Таким образом, Гоголь дал русской литературе начало фабульной традиции («Записки сумасшедшего», «Невский проспект»), а его биография в восприятии читателей ­ одно из самых заметных реальных воплощений «мудрого безумия».

Следующий значимый для нашего типологического ряда этап развития сложных отношений собственно литературной традиции и традиции литературизированного поведения — рассказ Достоевского «Бобок».

В современном, постбахтинском прочтении за философско-этическими смыслами рассказа Достоевского часто уходит на задний план фельетонная природа «Бобка». Между тем, создание и публикация этого рассказа — важный этап журнальной борьбы Достоевского — редактора «Гражданина» со своими оппонентами. Подробности этой борьбы, конкретные прототипы персонажей, намеки на журнальные свары, скрытый сарказм в адрес критиков и пр. многократно откомментированы, нам же важно, что фантастическое происшествие на кладбище, помимо прочих своих смыслов, является ярким сатирическим отображением времени и ситуации, в которых пребывал Достоевский. Конкретным поводом к созданию «Бобка» (именно поводом, потому что причины и корни рассказа, конечно, лежат в более глубоких особенностях творческой лаборатории) стала серия почти прямо высказанных предположений о сумасшествии автора «Бесов». См., например, характерный выпад в статье Л. Панютина (псевдоним ­ Нил Адмирари): «Довольно взглянуть на портрет автора “Дневника писателя”, выставленный в настоящее время в Академии художеств, чтобы почувствовать к г-ну Достоевскому ту самую “жалостливость”, над которою он так некстати глумится в своем журнале. Это портрет человека, истомленного тяжким недугом»8.

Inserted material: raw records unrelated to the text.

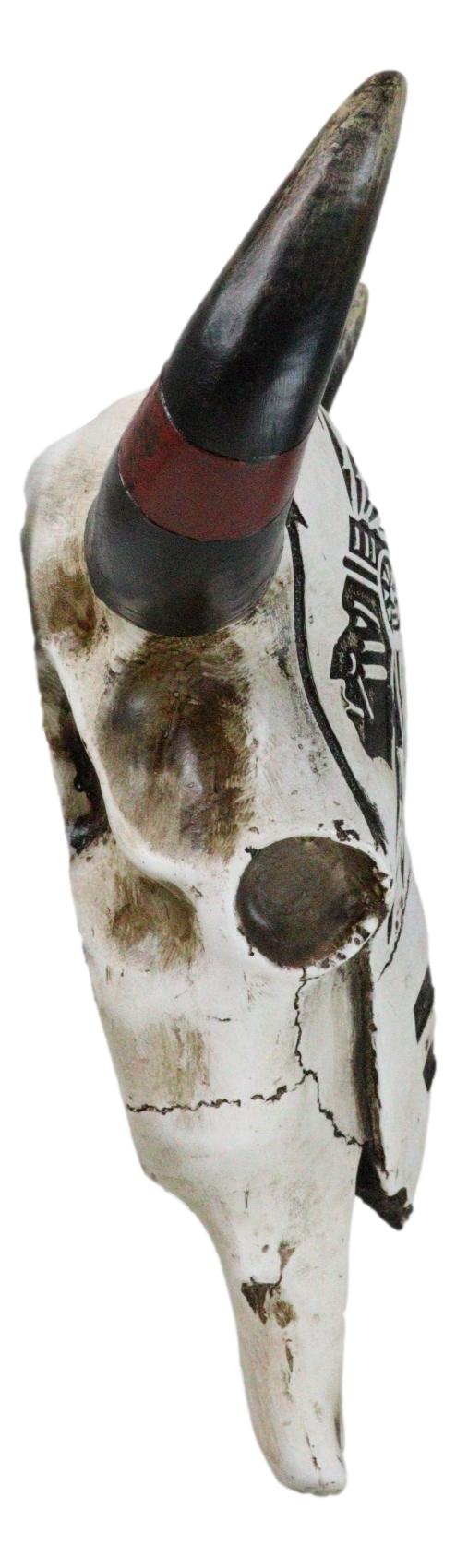 Ebros Gift Western Patriotic USA Flag Army Branch Eagle Key Emblem Cow Skull Wall Decor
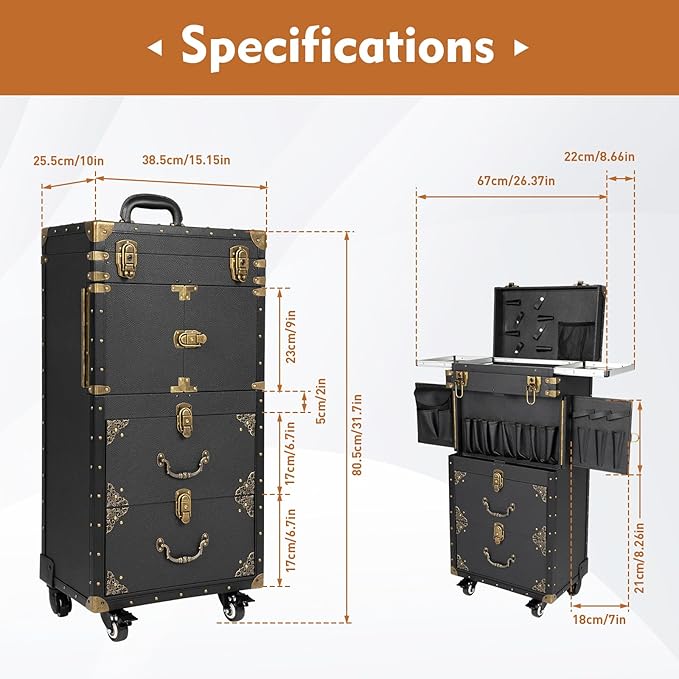 Beauty Salon Luggage, Rolling Lockable Makeup Train Case, Hairdressing Trolley Stylist Beauty Salon Cosmetic Luggage Travel Organizer Tool Box with Hair Dryer Holder for Makeup, Black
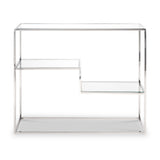Aleandra Clear Glass and Silver Metal Console Table from Roseland Furniture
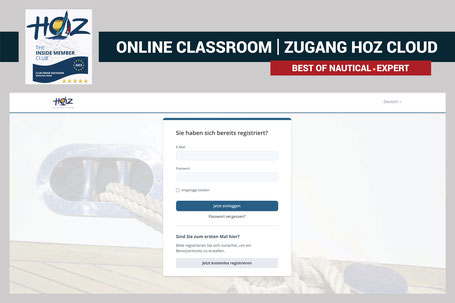 Login-Maske der HOZ Cloud Plattform – Einstiegspunkt zur digitalen Hochseeschein-Ausbildung.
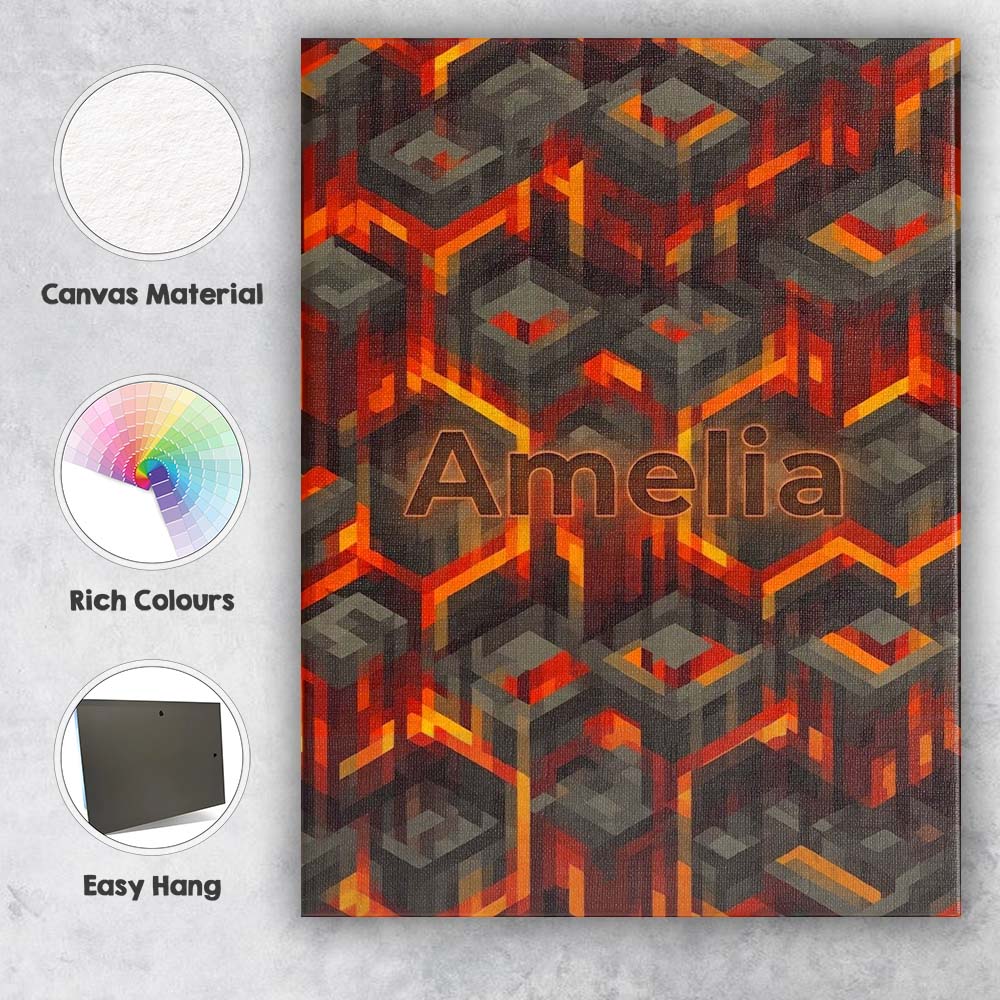 Personalised Name Fiery Lava Cube Geometric Custom Bespoke Interior Contemporary Canvas Wall Art Print Decor Picture Ready to Hang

Собственно, прямого указание на сумасшествие героя в «Бобке» нет. Есть только его сомнения в собственной нормальности («Со мной что-то странное происходит. И характер меняется, и голова болит. Я начинаю видеть и слышать какие-то странные вещи...»9) и указания на странности его поведения. Нрав, суждения и поведение героя управляется своеобразной антилогикой (вообще говоря близкой логике юродства). К примеру, у Достоевского читаем: «Всех умней, по-моему, тот, кто хоть раз в месяц самого себя дураком назовет»; «Ходил развлекаться, попал на похороны»10 и т. д. Сам герой отчасти близок «парадоксалисту» «Записок из подполья», но его парадоксы гораздо менее рефлексивны. Он, скорее, пользуется ими как своеобразными штампами осмысления мира, чем реально продуцирует их как средство психологической самозащиты от этого мира. Поведение героя «Бобка» в значительной степени неосознанно: не вполне понятно, почему придя на похороны к дальнему родственнику, он не остается на литию (поминки), почему он, вообще, пошел гулять по кладбищу и т. д. Разумеется, важен в этом контексте и сам разговор, подслушанный героем. Рассказанная им история колеблется между галлюцинацией и фантасмагорией, не представляя читателю возможности однозначно интерпретировать себя в том или ином смысле. Излюбленный прием Достоевского — прием двойной (естественной и фантастической) объяснимости сюжета здесь маркирует балансирование героя на грани сумасшествия (ср. в «Братьях Карамазовых» сцену знаменитого «кошмара» Ивана Федоровича, структурно и функционально идентичную ключевой ситуации «Бобка»)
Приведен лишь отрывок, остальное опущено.